**Task instructions:** Nothing but the lines from the one containing "Lampadario Industrial Ferro" to the end of the data should be copied, exactly, and the pictures stay out.
** Opening Raw data block **
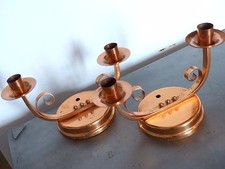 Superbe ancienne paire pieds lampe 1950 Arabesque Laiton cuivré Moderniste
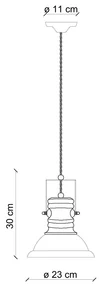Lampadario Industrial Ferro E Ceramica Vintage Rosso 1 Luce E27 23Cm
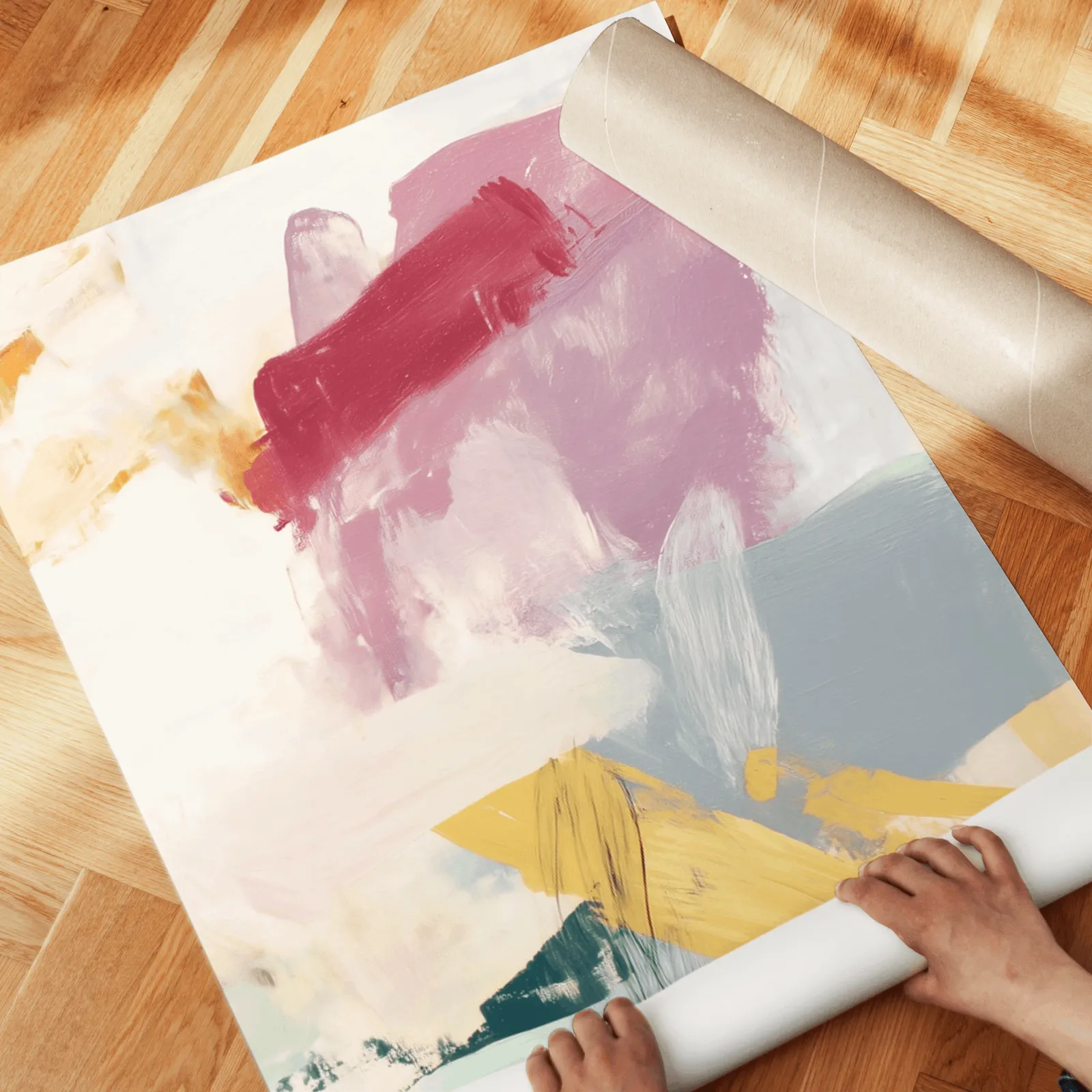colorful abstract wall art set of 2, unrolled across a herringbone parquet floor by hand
** Closing Raw data block **
**Exercise response:**
Lampadario Industrial Ferro E Ceramica Vintage Rosso 1 Luce E27 23Cm
colorful abstract wall art set of 2, unrolled across a herringbone parquet floor by hand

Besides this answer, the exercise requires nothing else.